• _Problem to solve_
What you give back should be exactly the opening lines of the data, ending with the line that contains "Audi Q5 KOMFORT" and including it.

• _Input data_

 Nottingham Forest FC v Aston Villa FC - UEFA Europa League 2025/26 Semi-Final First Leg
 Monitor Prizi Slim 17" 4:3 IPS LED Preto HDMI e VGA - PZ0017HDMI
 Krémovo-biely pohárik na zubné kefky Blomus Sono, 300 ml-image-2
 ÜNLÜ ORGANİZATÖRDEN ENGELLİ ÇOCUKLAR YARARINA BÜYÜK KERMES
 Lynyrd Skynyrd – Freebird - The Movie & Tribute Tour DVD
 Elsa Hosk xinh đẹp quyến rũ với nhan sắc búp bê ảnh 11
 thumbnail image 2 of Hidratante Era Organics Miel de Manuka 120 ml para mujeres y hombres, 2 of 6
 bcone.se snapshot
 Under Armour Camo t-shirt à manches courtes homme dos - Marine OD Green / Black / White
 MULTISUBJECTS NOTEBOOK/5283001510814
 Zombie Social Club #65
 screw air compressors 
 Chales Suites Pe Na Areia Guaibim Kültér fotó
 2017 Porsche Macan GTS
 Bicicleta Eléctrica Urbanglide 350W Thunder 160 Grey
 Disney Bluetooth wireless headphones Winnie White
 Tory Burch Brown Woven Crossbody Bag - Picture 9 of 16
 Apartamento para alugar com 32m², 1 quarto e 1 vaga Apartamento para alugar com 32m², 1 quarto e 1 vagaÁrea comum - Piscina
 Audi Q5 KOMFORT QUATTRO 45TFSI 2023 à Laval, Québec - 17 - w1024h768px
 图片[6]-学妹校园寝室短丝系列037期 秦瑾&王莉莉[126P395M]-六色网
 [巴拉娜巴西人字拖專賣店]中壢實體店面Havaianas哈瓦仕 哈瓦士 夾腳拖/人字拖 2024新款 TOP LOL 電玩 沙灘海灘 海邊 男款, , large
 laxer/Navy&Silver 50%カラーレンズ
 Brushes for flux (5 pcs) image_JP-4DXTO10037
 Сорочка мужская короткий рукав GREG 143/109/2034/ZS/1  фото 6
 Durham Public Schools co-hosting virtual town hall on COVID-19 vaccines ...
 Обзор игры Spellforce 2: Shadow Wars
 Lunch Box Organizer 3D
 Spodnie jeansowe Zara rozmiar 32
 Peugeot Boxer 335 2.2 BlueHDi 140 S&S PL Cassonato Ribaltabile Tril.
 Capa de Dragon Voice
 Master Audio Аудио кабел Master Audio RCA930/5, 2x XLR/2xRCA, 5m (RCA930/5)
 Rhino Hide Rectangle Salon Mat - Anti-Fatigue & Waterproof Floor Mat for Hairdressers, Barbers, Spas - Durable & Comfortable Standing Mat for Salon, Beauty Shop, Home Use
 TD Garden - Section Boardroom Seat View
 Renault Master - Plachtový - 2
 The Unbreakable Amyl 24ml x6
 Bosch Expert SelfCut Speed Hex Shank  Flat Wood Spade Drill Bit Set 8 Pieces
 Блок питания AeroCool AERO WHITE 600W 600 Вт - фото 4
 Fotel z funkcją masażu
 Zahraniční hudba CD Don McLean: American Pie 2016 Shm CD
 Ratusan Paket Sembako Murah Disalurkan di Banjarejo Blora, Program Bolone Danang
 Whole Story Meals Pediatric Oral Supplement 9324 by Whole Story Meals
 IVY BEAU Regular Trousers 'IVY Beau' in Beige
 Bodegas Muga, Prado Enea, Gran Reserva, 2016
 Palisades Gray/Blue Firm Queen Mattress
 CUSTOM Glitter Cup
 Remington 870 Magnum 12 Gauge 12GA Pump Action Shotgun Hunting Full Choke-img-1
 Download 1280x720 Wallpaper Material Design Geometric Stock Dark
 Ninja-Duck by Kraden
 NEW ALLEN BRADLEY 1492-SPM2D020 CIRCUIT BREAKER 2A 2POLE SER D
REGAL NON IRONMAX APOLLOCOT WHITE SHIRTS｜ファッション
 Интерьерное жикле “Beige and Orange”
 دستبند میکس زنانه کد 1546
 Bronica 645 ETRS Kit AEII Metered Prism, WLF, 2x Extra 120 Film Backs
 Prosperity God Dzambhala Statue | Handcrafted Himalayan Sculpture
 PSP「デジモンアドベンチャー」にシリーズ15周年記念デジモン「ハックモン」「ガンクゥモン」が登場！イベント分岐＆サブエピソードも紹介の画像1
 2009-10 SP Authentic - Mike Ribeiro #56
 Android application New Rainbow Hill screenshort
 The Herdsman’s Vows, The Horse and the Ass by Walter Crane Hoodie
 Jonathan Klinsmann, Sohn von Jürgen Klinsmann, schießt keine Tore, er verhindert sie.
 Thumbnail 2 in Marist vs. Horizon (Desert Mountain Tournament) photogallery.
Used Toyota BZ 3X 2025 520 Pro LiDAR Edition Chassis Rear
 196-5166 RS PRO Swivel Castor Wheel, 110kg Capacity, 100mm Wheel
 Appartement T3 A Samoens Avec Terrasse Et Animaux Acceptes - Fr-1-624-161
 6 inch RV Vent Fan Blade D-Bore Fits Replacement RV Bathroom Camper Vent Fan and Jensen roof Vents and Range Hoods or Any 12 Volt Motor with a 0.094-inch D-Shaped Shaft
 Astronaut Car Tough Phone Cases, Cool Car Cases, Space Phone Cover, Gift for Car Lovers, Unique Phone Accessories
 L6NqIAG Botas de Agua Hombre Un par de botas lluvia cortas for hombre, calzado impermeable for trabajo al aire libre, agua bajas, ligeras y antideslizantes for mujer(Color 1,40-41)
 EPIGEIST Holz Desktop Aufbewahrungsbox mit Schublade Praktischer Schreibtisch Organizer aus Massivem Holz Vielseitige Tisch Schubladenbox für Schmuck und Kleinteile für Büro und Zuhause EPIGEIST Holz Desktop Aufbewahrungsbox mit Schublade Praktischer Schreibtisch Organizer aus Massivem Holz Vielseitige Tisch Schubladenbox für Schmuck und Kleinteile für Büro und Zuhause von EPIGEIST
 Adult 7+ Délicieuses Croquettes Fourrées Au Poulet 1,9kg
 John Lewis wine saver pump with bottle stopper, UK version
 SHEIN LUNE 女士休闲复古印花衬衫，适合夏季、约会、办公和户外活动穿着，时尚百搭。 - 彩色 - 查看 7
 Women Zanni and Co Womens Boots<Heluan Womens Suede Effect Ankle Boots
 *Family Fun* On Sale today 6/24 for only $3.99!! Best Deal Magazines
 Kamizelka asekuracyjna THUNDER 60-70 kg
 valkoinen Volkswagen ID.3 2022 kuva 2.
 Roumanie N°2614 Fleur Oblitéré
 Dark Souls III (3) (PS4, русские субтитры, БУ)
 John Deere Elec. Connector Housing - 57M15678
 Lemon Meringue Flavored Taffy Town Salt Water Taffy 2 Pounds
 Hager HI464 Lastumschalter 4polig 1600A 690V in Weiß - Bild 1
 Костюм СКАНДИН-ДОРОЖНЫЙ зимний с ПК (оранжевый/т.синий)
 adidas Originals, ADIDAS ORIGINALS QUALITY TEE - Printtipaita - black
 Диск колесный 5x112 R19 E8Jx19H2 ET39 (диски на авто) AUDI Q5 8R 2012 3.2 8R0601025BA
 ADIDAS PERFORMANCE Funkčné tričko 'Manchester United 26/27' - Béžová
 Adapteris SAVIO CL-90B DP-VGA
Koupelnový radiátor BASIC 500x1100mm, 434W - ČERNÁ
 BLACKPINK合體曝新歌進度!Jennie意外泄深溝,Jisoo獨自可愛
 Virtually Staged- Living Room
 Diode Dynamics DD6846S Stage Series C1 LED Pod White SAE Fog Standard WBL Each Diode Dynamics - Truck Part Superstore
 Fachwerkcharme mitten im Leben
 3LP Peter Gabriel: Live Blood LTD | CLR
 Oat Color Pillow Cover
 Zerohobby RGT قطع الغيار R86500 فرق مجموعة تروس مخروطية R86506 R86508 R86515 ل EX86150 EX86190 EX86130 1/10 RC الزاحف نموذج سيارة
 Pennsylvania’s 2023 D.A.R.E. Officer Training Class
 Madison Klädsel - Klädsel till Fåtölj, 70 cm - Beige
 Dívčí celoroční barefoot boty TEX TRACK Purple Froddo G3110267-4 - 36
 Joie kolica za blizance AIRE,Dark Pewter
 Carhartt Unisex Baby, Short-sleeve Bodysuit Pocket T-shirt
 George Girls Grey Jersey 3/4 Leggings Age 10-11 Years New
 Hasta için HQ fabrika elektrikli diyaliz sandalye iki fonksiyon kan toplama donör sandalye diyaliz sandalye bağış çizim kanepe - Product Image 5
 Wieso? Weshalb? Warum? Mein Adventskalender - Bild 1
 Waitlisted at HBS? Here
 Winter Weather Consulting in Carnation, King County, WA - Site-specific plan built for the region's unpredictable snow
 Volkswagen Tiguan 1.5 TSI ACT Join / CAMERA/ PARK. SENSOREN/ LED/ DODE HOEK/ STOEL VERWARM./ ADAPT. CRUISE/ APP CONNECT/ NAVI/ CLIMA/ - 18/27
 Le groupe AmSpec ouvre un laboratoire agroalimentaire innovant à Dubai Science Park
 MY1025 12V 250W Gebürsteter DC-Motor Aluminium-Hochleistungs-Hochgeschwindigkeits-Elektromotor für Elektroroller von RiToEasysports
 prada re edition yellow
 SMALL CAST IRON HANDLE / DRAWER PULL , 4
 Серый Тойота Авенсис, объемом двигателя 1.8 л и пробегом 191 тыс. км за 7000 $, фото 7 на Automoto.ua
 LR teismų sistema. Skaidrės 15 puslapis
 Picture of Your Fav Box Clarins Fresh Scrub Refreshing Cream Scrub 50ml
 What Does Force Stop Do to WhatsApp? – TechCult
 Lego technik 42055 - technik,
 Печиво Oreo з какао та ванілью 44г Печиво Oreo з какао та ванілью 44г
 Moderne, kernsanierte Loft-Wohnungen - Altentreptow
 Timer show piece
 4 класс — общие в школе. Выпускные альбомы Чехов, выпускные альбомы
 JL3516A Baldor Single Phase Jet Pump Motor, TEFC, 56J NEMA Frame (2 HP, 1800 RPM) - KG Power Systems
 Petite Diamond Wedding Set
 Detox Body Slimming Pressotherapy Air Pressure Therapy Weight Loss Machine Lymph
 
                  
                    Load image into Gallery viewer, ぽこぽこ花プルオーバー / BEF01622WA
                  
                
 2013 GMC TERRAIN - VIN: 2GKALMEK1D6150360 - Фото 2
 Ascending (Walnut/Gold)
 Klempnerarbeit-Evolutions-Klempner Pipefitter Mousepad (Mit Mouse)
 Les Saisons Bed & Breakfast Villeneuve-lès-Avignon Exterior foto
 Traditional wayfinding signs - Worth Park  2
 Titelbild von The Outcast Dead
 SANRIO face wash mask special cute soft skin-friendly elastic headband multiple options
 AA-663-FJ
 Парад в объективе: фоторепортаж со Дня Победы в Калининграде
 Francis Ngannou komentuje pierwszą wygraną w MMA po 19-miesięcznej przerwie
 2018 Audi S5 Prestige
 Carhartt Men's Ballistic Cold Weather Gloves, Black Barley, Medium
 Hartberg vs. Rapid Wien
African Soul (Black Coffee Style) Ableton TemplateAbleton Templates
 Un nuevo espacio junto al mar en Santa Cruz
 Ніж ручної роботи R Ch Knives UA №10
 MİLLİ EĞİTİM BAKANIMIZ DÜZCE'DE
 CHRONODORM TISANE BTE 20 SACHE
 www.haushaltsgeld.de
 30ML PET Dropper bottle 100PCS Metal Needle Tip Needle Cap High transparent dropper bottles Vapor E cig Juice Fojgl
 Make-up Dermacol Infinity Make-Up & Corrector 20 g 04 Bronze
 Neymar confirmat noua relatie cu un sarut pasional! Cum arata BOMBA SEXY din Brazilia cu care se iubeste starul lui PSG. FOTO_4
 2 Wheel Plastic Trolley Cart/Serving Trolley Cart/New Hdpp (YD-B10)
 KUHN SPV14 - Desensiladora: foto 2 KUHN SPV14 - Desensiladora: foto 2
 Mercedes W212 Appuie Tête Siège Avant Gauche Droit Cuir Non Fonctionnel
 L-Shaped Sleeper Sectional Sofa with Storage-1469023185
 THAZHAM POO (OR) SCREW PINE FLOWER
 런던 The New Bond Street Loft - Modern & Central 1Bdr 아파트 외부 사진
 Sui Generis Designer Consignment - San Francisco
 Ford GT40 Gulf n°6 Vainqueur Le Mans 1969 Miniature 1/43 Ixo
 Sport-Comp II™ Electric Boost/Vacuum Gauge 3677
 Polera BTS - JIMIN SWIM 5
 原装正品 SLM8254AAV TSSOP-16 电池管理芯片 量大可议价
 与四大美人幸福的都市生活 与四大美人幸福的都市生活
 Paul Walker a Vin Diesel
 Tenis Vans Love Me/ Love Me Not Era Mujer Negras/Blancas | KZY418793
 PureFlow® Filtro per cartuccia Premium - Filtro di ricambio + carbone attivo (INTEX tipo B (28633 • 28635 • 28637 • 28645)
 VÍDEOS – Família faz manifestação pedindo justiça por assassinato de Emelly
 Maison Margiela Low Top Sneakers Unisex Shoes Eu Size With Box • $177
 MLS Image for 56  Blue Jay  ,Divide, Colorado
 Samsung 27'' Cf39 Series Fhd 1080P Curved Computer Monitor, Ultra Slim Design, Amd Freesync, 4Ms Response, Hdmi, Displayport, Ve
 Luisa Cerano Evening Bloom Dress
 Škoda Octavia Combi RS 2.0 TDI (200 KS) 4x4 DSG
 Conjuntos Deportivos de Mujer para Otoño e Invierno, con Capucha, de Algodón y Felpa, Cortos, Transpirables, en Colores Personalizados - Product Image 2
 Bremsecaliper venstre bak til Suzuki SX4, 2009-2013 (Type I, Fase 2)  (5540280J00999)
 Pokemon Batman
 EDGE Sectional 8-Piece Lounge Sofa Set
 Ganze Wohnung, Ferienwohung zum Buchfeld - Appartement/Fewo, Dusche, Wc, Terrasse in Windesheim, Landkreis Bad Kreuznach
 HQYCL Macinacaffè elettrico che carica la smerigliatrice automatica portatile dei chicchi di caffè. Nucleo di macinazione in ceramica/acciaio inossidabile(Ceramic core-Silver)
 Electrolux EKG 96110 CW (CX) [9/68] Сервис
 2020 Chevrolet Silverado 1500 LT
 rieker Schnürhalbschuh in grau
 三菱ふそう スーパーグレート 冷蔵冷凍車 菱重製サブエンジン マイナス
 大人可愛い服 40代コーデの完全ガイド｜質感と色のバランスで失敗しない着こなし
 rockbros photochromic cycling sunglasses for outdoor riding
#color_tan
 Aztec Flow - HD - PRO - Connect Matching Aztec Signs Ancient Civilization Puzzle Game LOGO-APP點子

• _Task output_
 Nottingham Forest FC v Aston Villa FC - UEFA Europa League 2025/26 Semi-Final First Leg
 Monitor Prizi Slim 17" 4:3 IPS LED Preto HDMI e VGA - PZ0017HDMI
 Krémovo-biely pohárik na zubné kefky Blomus Sono, 300 ml-image-2
 ÜNLÜ ORGANİZATÖRDEN ENGELLİ ÇOCUKLAR YARARINA BÜYÜK KERMES
 Lynyrd Skynyrd – Freebird - The Movie & Tribute Tour DVD
 Elsa Hosk xinh đẹp quyến rũ với nhan sắc búp bê ảnh 11
 thumbnail image 2 of Hidratante Era Organics Miel de Manuka 120 ml para mujeres y hombres, 2 of 6
 bcone.se snapshot
 Under Armour Camo t-shirt à manches courtes homme dos - Marine OD Green / Black / White
 MULTISUBJECTS NOTEBOOK/5283001510814
 Zombie Social Club #65
 screw air compressors 
 Chales Suites Pe Na Areia Guaibim Kültér fotó
 2017 Porsche Macan GTS
 Bicicleta Eléctrica Urbanglide 350W Thunder 160 Grey
 Disney Bluetooth wireless headphones Winnie White
 Tory Burch Brown Woven Crossbody Bag - Picture 9 of 16
 Apartamento para alugar com 32m², 1 quarto e 1 vaga Apartamento para alugar com 32m², 1 quarto e 1 vagaÁrea comum - Piscina
 Audi Q5 KOMFORT QUATTRO 45TFSI 2023 à Laval, Québec - 17 - w1024h768px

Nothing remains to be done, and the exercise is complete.